Is there a way to replace StringAlignment.Center with Justify or something instead?


回答1:


Function for Justified Left a long sentence(or Paragraph) Working for you !

   1.  Public  Function  GetJustifiedTextinLeft (text As String, width As Integer) As String
    Dim palabras As String() = text.Split(" "c)  'text-->palabras
    Dim sb1 As New System.Text.StringBuilder()
    Dim sb2 As New System.Text.StringBuilder()
    Dim length As Integer = palabras.Length     'palabras
    Dim resultado As New System.Collections.Generic.List(Of String)()
    Dim i As Integer = 0
    While i < length
        sb1.AppendFormat("{0} ", palabras(i))   'palabras
        If sb1.ToString().Length > width Then
            resultado.Add(sb2.ToString())
            sb1 = New System.Text.StringBuilder()
            sb2 = New System.Text.StringBuilder()
            System.Math.Max(System.Threading.Interlocked.Decrement(i), i + 1)
        Else
            sb2.AppendFormat("{0} ", palabras(i))
        End If
        System.Math.Max(System.Threading.Interlocked.Increment(i), i - 1)
    End While
    resultado.Add(sb2.ToString())               'resultado

    Dim resultado2 As New System.Collections.Generic.List(Of String)()
    Dim temp As String

    Dim index1 As Integer, index2 As Integer, salto As Integer
    Dim target As String
    Dim limite As Integer = resultado.Count     'resultado
    For Each item As String In resultado        'resultado
        target = " "
        temp = item.ToString().Trim()
        index1 = 0
        index2 = 0
        salto = 2

        If limite <= 1 Then
            resultado2.Add(temp)
            Exit For
        End If
        While temp.Length <= width
            If temp.IndexOf(target, index2) < 0 Then
                index1 = 0
                index2 = 0
                target = target + " "
                System.Math.Max(System.Threading.Interlocked.Increment(salto), salto - 1)
            End If
            index1 = temp.IndexOf(target, index2)
            temp = temp.Insert(temp.IndexOf(target, index2), " ")

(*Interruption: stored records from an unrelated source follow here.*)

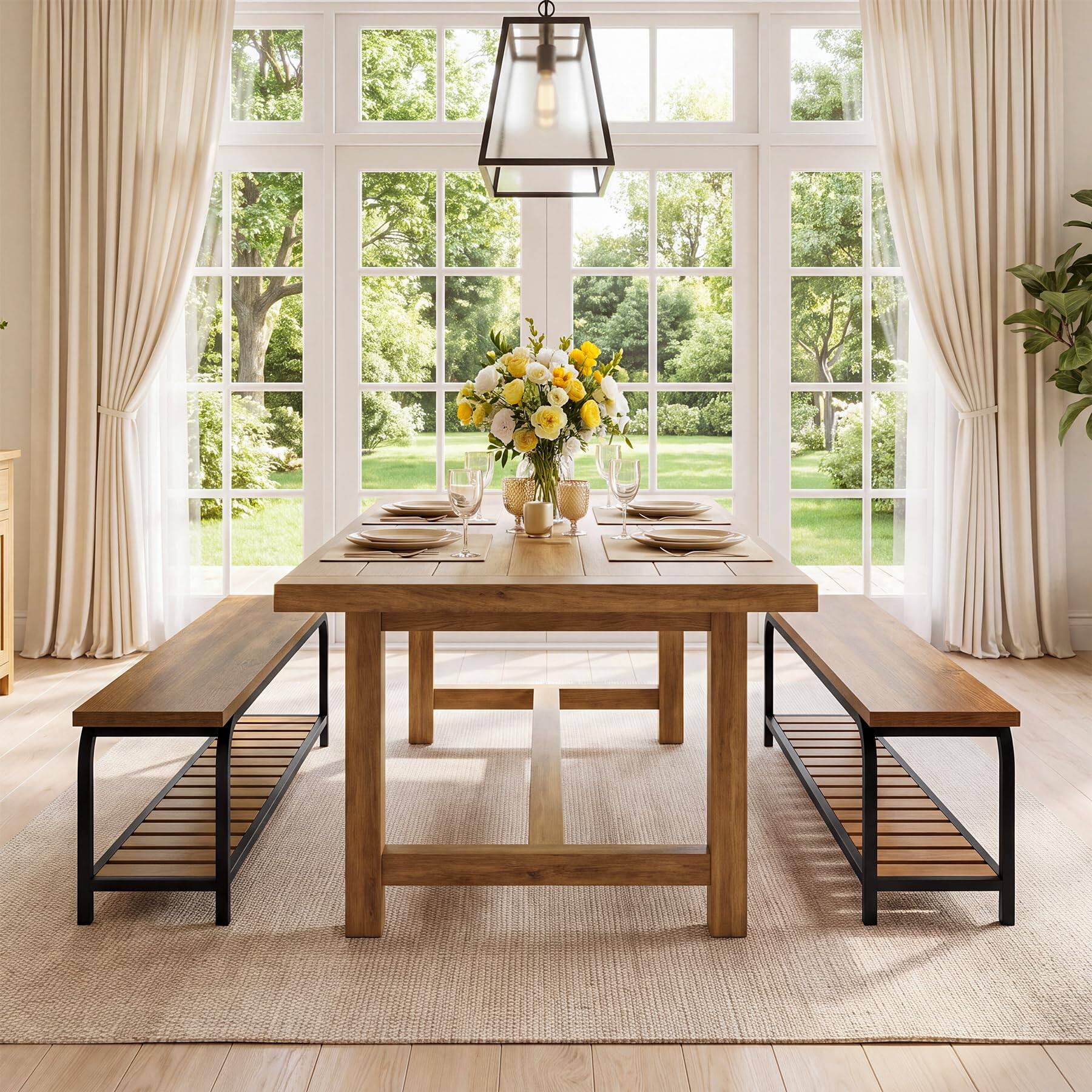Back. Tribesigns - 63-Inch Industrial Dining Bench, 2-Tier Long Kitchen Bench - Brown & Black.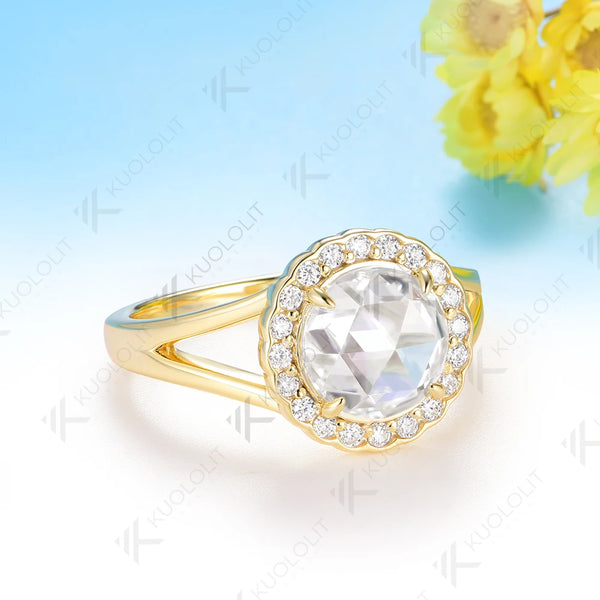 Kuololit 2CT Rose Cut Round Moissanite Ring for Women Solid 14K 10K 585 Yellow Gold Engagement Ring for Anniversary Christmas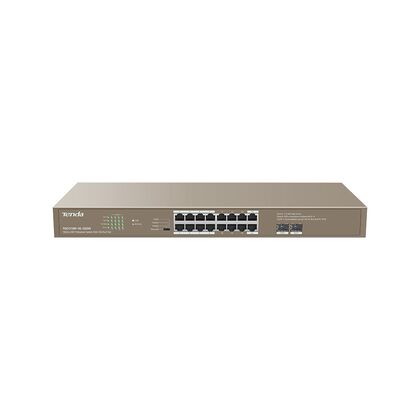Неуправляемый POE-коммутатор 18 портов Tenda TEG1118P-16-250W ( 16x1Гбит/ с, 2xSFP, 16xPOE, PoE‑бюджет 230 Вт) корпус - металл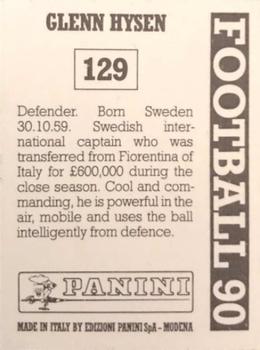 1989-90 Panini Football 90 (UK) #129 Glenn Hysen Back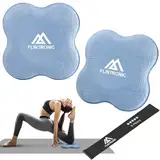 Flintronic Kniekissen Yoga, 2PC Yoga-Knie-Pad, Rutschfest Yoga Knie Padmatte, 20x20cm Knieschoner Matte Unterstützung der Knie Handgelenke und Ellenbogen, für Yoga Fitness Pilates–mit Widerstandsband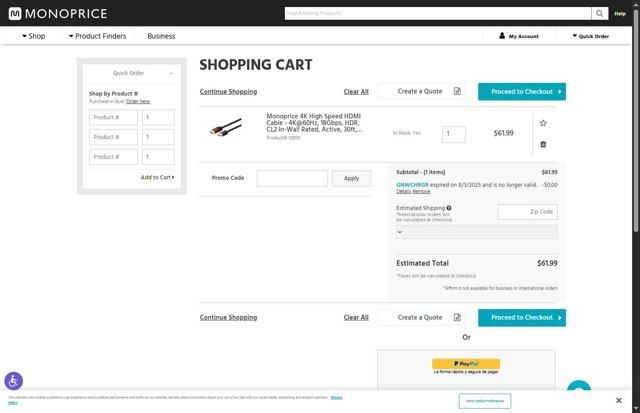 Monoprice checkout page showing Monoprice promo code box | Screenshot taken by SimplyCodes community member on Aug 31, 2025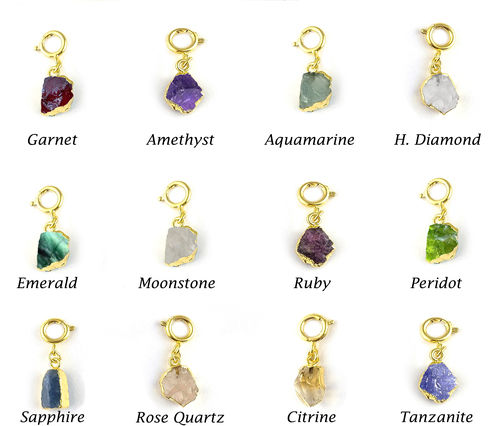 Raw Birthstone Gold Electroplated Birthstone Pendant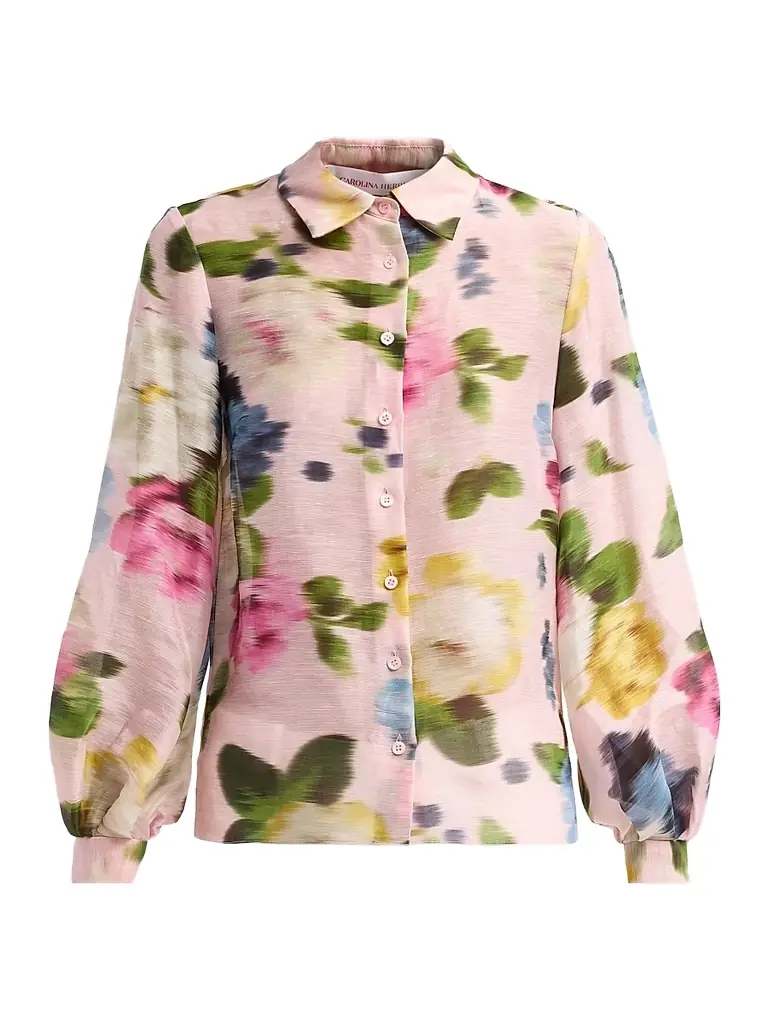 Carolina Herrera Women's Isabella Blurred Floral Linen-Silk Shirt - Rosewater Multi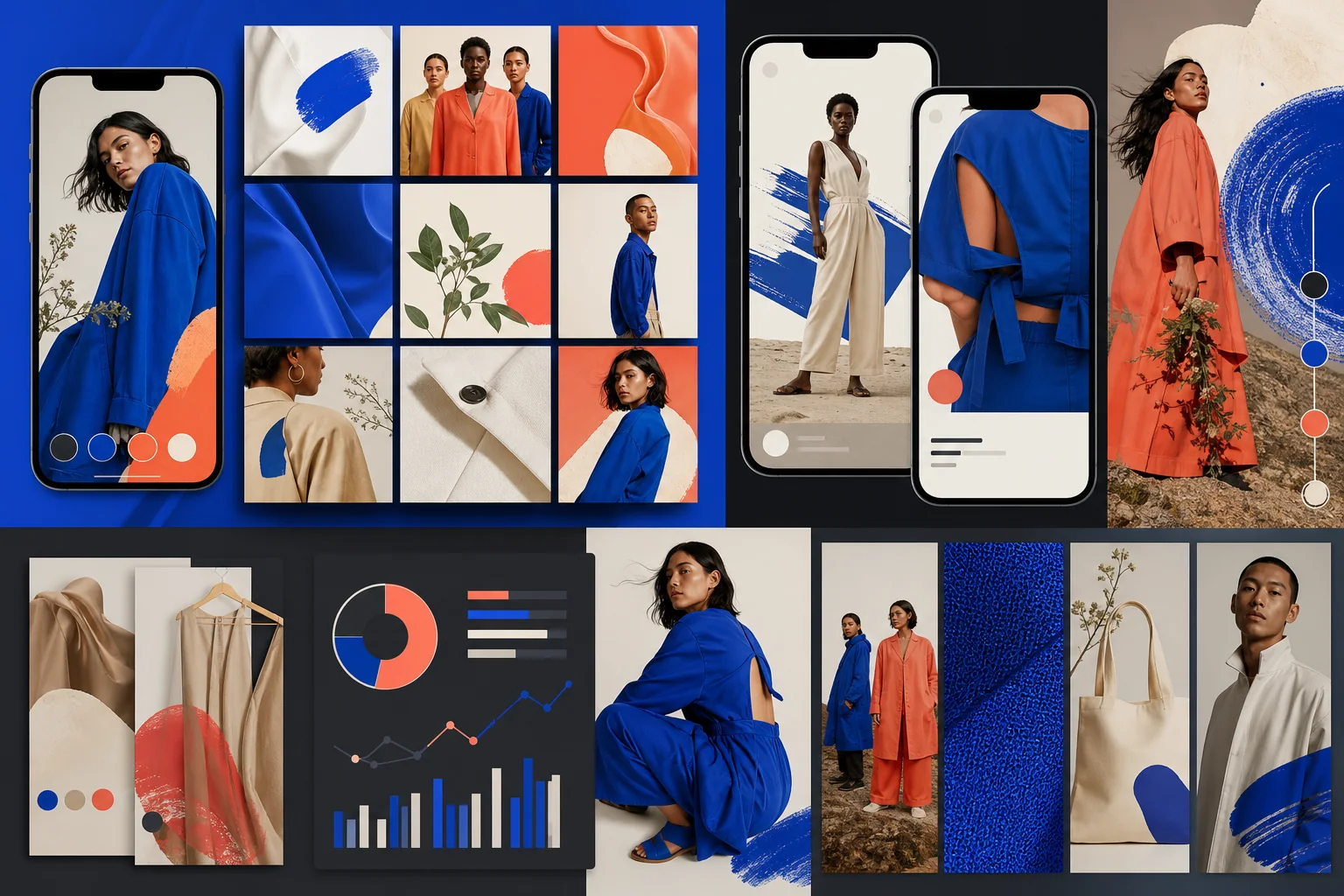 Fashion social media campaign system across posts, reels and mobile screens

            index2 = index1 + salto
        End While
        System.Math.Max(System.Threading.Interlocked.Decrement(limite), limite + 1)
        resultado2.Add(temp)
    Next

    Dim builder As New System.Text.StringBuilder()
    For Each item As String In resultado2
        builder.Append(item).Append(chr(10))
   Next
    Return builder.ToString()
End Function


  2.    For Calling  above Function
  Dim  Resulttext as string=GetJustifiedTextinLeft (“YourString”,70) 
  '70 is the width 



回答2:


Do you mean pad the string?

You could try String.PadRight.

http://www.dotnetperls.com/padright

http://msdn.microsoft.com/en-us/library/66f6d830%28v=vs.110%29.aspx

http://www.csharp-examples.net/align-string-with-spaces/

If you want to have the same number of spaces between each word so the first word is on the left and the last word is on the right you may need to right your own code.

I wrote this which does what I think you want, it could be refactored:

Sub Main()

    System.Console.WriteLine("123456789012345678901234567890")
    Dim Words As New List(Of String)
    Words.Add("Hello")
    Words.Add("World")
    System.Console.WriteLine(SplitWordsOverSpace(30, Words))

    Words.Add("Cheese")
    System.Console.WriteLine(SplitWordsOverSpace(30, Words))

    Words.Add("a")
    System.Console.WriteLine(SplitWordsOverSpace(30, Words))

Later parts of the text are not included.